_Problem requirements:_
Wherever pictures appear in the listing below, leave them out, and copy exactly, and only, everything from the line with "Strandberg Boden Metal" down to the line with "2013 Mercedes-Benz ML350".

_Source information:_
________________
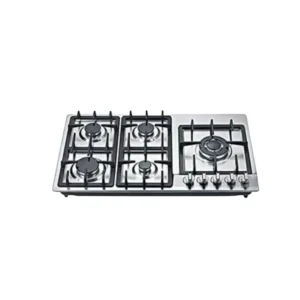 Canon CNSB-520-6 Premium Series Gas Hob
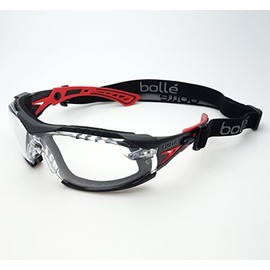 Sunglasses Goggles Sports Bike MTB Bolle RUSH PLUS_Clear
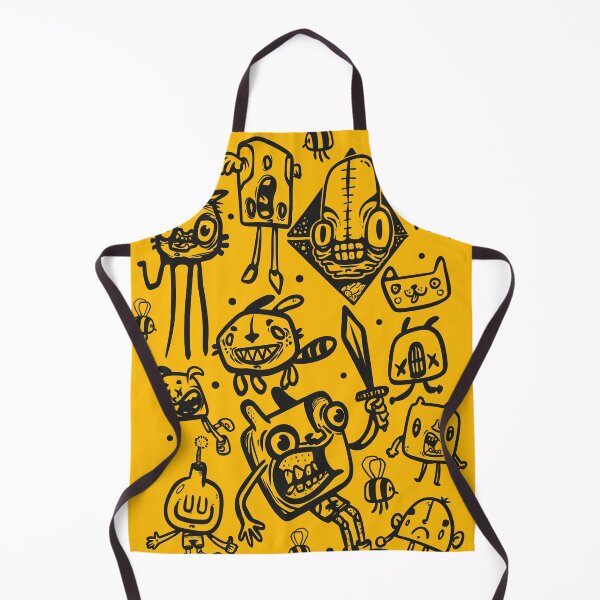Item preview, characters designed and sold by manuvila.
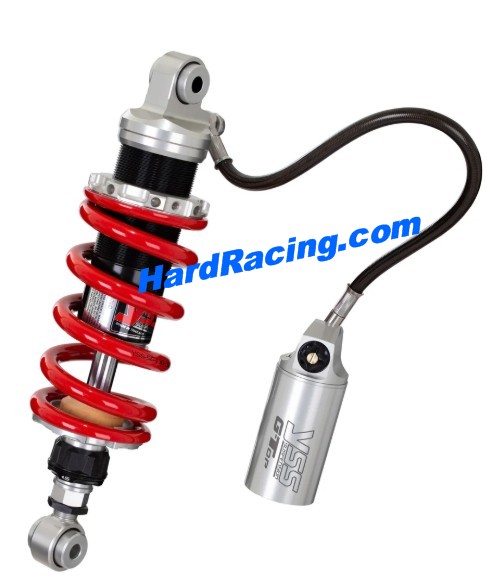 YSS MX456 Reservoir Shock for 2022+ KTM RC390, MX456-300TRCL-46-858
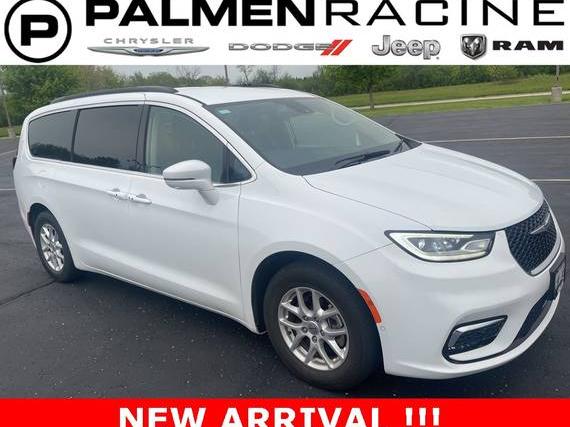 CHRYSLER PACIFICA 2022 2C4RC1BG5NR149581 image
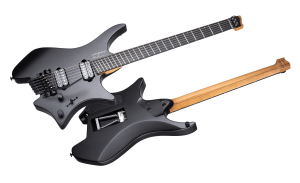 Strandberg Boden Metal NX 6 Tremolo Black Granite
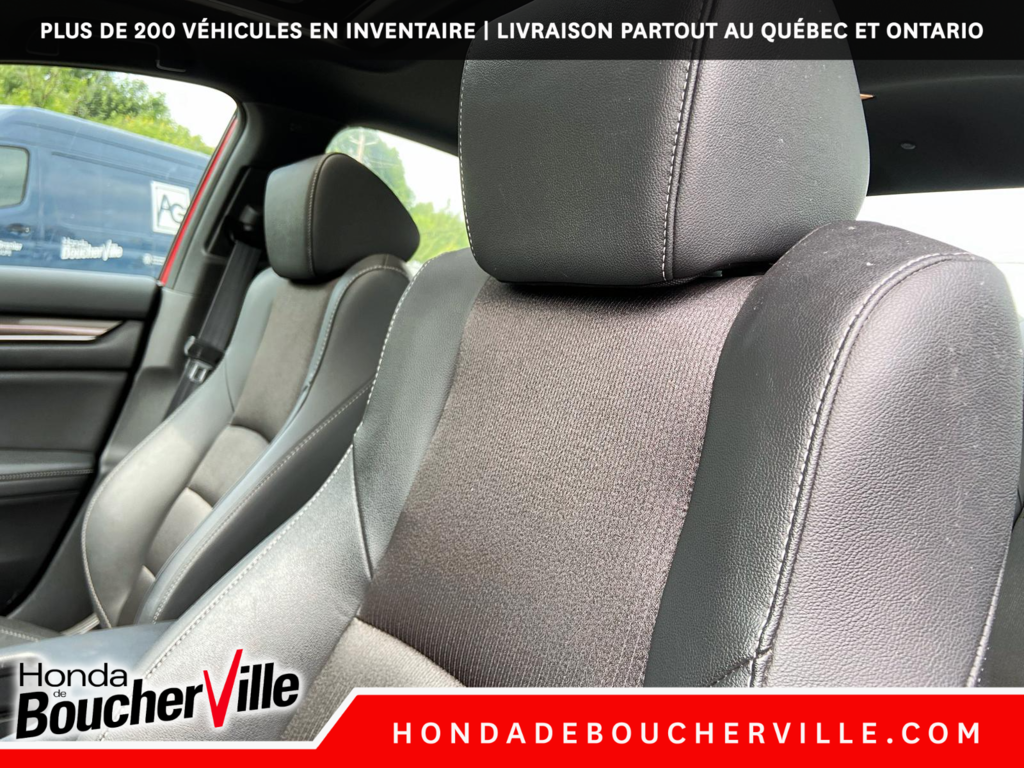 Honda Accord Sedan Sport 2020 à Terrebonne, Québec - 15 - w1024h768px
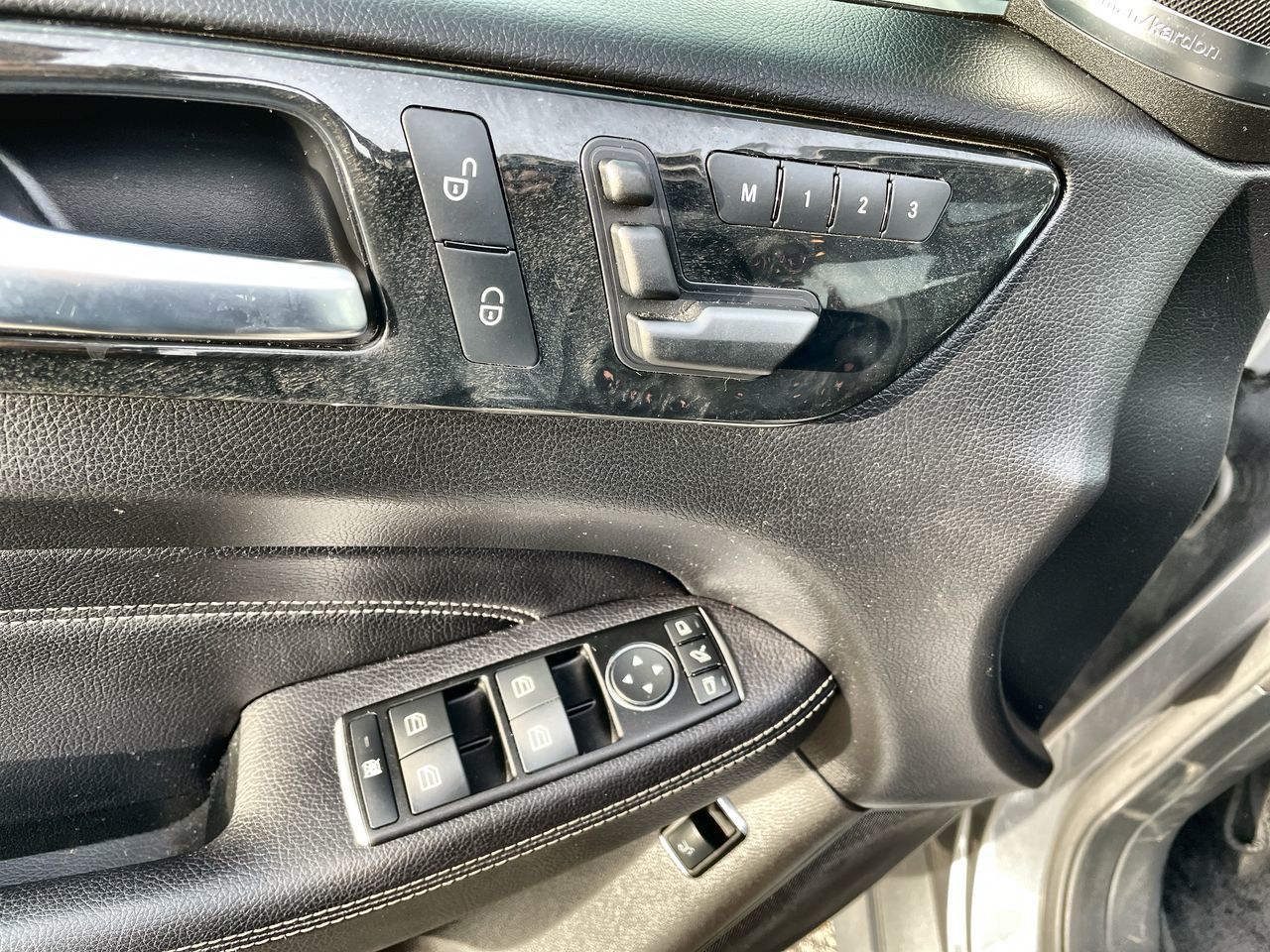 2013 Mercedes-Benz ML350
________________
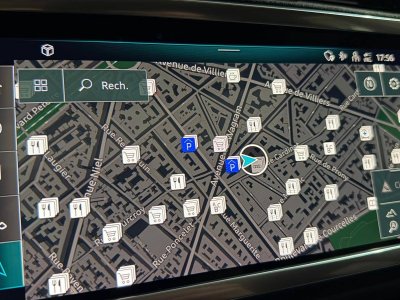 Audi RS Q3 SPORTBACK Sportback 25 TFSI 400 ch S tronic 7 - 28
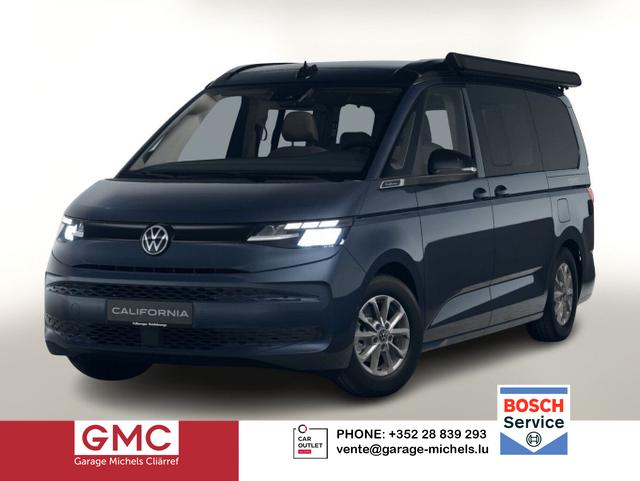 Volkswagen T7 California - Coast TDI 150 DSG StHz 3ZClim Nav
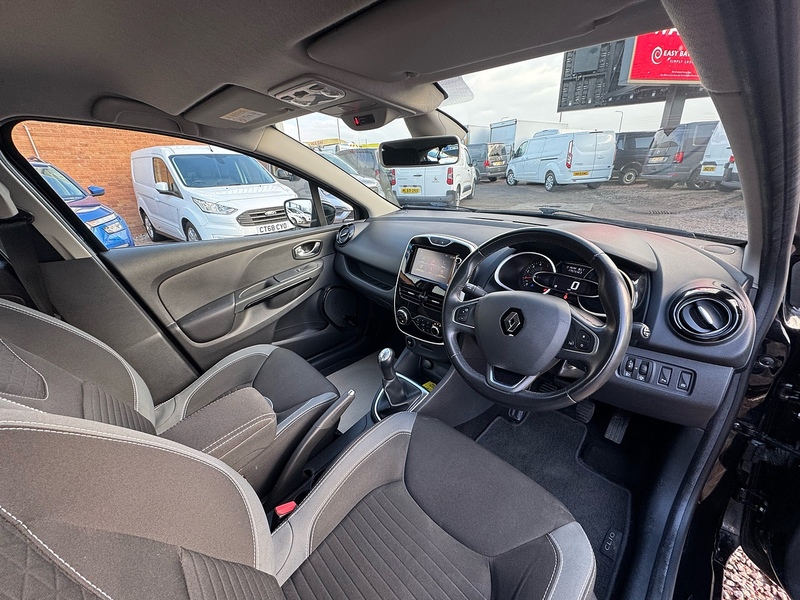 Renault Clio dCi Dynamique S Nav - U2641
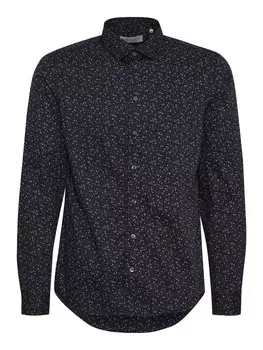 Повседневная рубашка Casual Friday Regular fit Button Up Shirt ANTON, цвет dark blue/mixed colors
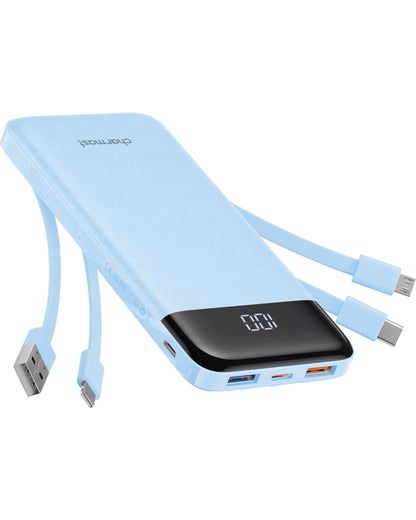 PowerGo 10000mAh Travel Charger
________________
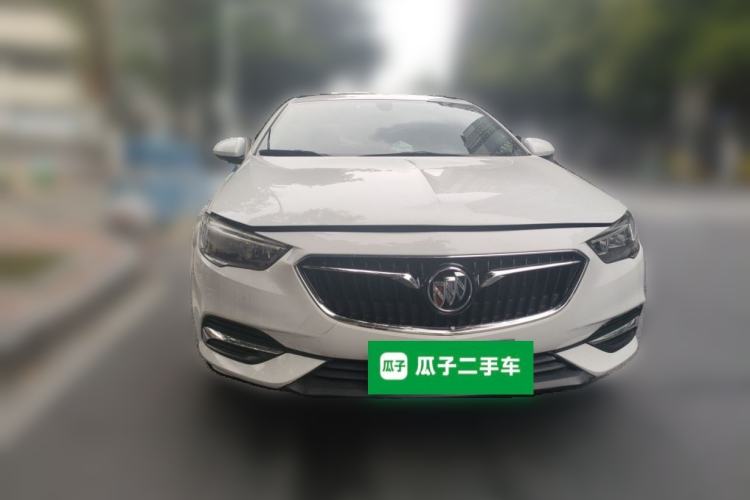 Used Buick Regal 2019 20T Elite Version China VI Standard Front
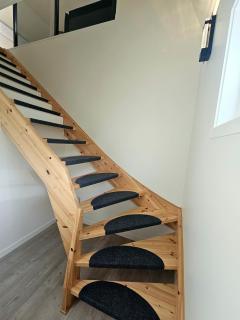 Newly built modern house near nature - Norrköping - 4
________________
_Exercise solution:_
 Strandberg Boden Metal NX 6 Tremolo Black Granite
 Honda Accord Sedan Sport 2020 à Terrebonne, Québec - 15 - w1024h768px
 2013 Mercedes-Benz ML350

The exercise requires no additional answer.